What you are asked to do: Practice item. Set the material below down again exactly, with no pictures.

Given information:

▶

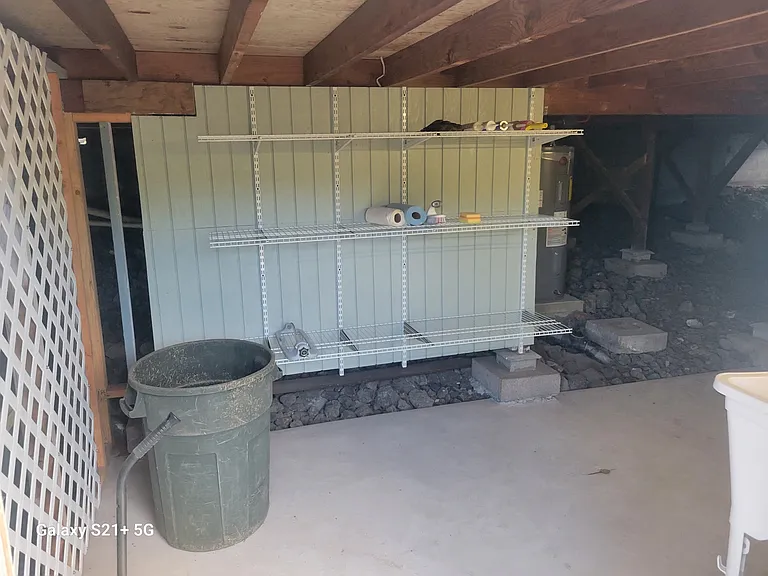 View of laundry room/storage room. It does have its own washer/dryer hook up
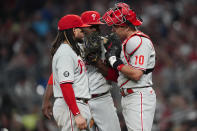 Philadelphia Phillies' Freddy Galvis, left,, Hector Neris (50) and catcher J.T. Realmuto (10) meet on the mound during the eighth inning of a baseball game against the Atlanta Braves Tuesday, Sept. 28, 2021, in Atlanta. (AP Photo/John Bazemore)
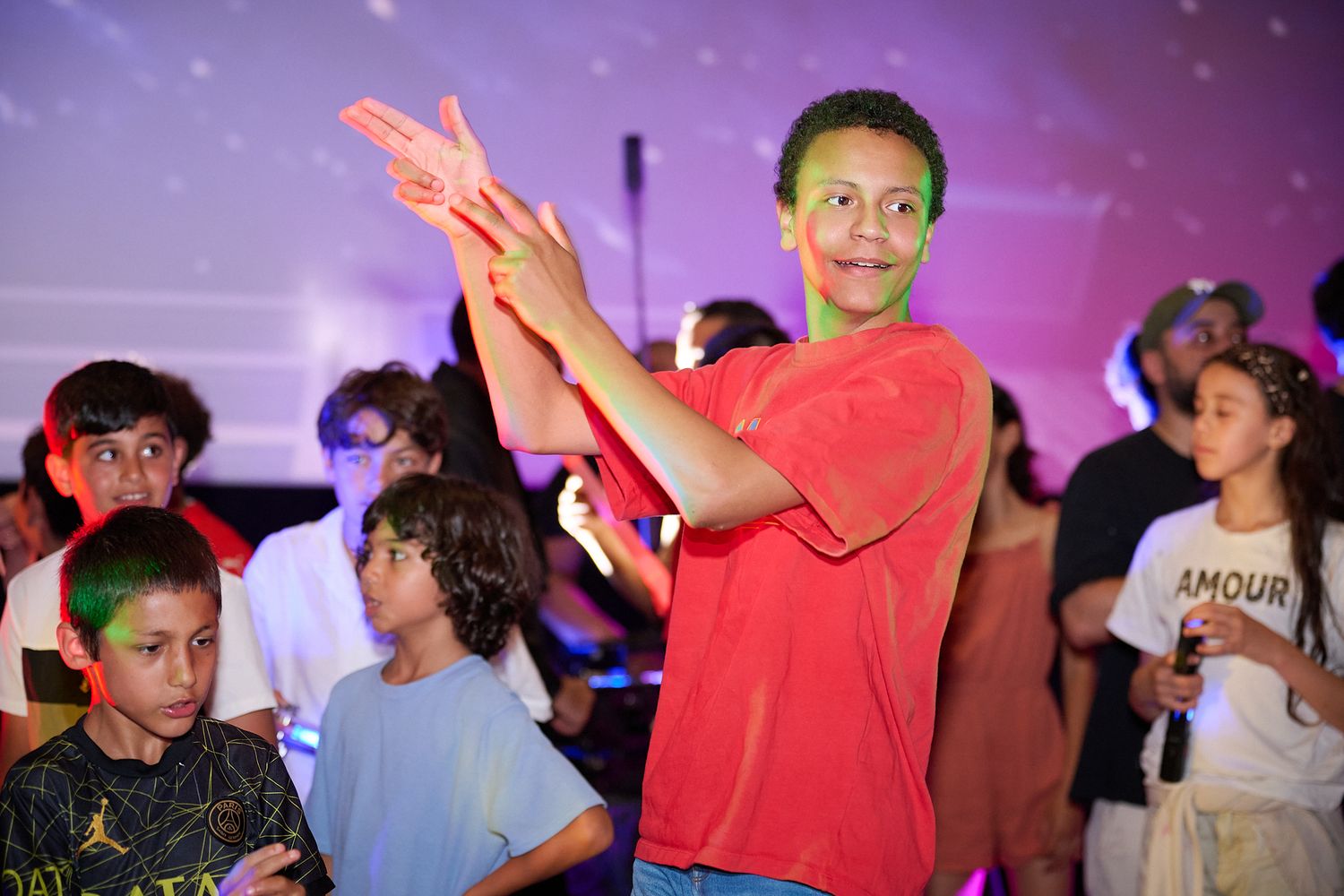 Children and adults dancing at a colorful indoor party event with purple and pink lighting.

◀

Answer box:
 View of laundry room/storage room. It does have its own washer/dryer hook up
 Philadelphia Phillies' Freddy Galvis, left,, Hector Neris (50) and catcher J.T. Realmuto (10) meet on the mound during the eighth inning of a baseball game against the Atlanta Braves Tuesday, Sept. 28, 2021, in Atlanta. (AP Photo/John Bazemore)
 Children and adults dancing at a colorful indoor party event with purple and pink lighting.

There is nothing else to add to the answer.